Conley, owner of the Joie de Vivre boutique hotel chain in California, writes about his own and others’ experiences in cultivating deeply satisfying relationships with employees, customers and investors (this book is a very readable compendium of stakeholder marketing ideas). His stakeholder strategies ultimately contributed to the survival of his company in the travel industry meltdown following 9/11. He based his methods on the teachings of psychologist Abraham Maslow.
“Maslow believed that human beings seek to meet base needs for sleep, water and food (physiological)” Conley writes, and that we focus on the lowest unmet need at a time. “As those needs are partially fulfilled we move up … to higher needs for physical safety, affiliation or social connection, and esteem.” Finally, we aspire to the top of the pyramid which is self-actualization.
Conley used Maslow’s hierachy to map out how his company satisfied these needs for employees, customers and investors (his key stakeholders). His book provides a wealth of detail on how his firm did this, how others have done it and how to apply this to your own firm.
So what conflicting points of view does he brings together? Depending on your own view of human nature, as a marketer you may find yourself believing one of the following views about how to win customers: 1) customers act from their most base needs (bottom of hierarchy) or 2) customers act (or should) from their highest motivations (top of the hierarchy) and values. This dichotomy shows up starkly in branding and advertising models, many of which assume we make all our purchase decisions with the most primitive part of our brain. There’s a tension between these and the strategies that try to sell products based on “doing the right thing,” assuming green or social criteria will make a difference. (They can and do, but sometimes not enough).

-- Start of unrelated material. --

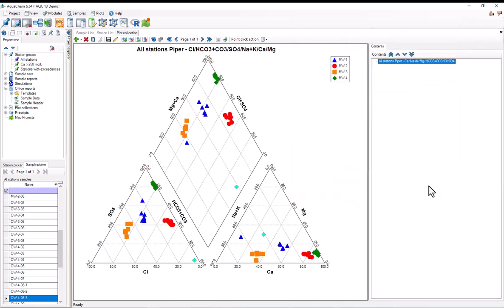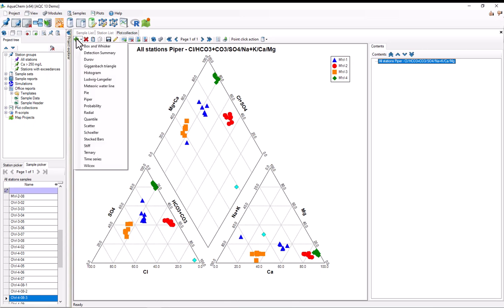Okay, so AquaChem also comes with some other commonly used geochemical plots, such as Durov diagrams. Creating a Durov diagram in AquaChem is also easy. To do this, I'd simply select the Create New Plot button, and I'd select Durov.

The truth that Conley articulates so well is that good marketing and good relationships address both of these polarized views and all the needs in between.
Take customer relationships for example. The most basic need a customer has, according to Conley, is that we meet their expectations. Our products and services have to do what they expect them to do. He points out, however, that this alone rarely creates loyalty or the more-coveted evangelism. Fostering loyalty means identifying the desires customers have, which are typically desires for social connection/belonging and esteem. Evangelism comes when we offer customers the opportunity for transformation and self-actualization – to be more fully themselves, or the self they long to be.
This is solid advice for any firm that thinks it’s not tapping the full potential of its customer relationships. Start with the basics: Are we clear about what our clients expectations are for our product or service? Are we meeting their survival and safety needs? Second, how are our relationships and interactions – do we provide warm customer service? Do we make our clients feel important and valued? Finally, do we offer our clients an opportunity to be more than just a consumer?
At Joie de Vivre, they meet the top of the pyramid by offering what Conley calls “identity refreshment.” You stay at a hip hotel and you feel like the hipster you want to be. Through examples such as Harley Davidson, Whole Foods, Apple Computer, the high tech service group Geek Squad, as well as his own company, Conley provides numerous creativity-sparking stories and examples. The book is packed with tips for how to apply these ideas in your own firm. Equally valuable are his suggestions for building strong partnerships with employees and investors.
Can companies do reasonably well at the bottom or the middle of the hierarchy? Certainly. If you aspire, however, to levels of relationship that create evangelists for your brand, and resilient companies that can withstand volatile economic cycles, says Conley, you need to deliver value at all the points along the hierarchy: survival, success and transformation.